◆ ACTION ITEM: Give back, exactly and with nothing added, the lines that run from the one containing "Saucer Magnolia Magnolia" to the final line below.

EXTRACTED RECORDS section start

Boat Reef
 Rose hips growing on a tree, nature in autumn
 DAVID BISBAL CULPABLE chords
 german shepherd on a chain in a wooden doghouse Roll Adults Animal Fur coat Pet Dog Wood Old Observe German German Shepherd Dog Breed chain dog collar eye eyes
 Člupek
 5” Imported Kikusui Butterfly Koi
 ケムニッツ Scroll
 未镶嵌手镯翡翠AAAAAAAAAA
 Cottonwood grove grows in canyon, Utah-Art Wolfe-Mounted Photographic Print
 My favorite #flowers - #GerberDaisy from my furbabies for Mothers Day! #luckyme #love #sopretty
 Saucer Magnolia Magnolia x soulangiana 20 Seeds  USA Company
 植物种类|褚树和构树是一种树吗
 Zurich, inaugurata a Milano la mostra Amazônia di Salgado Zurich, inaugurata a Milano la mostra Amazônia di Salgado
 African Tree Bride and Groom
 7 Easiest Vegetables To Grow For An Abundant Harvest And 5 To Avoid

EXTRACTED RECORDS section end

◆ RESULT FOR THIS EXERCISE:
 Saucer Magnolia Magnolia x soulangiana 20 Seeds  USA Company
 植物种类|褚树和构树是一种树吗
 Zurich, inaugurata a Milano la mostra Amazônia di Salgado Zurich, inaugurata a Milano la mostra Amazônia di Salgado
 African Tree Bride and Groom
 7 Easiest Vegetables To Grow For An Abundant Harvest And 5 To Avoid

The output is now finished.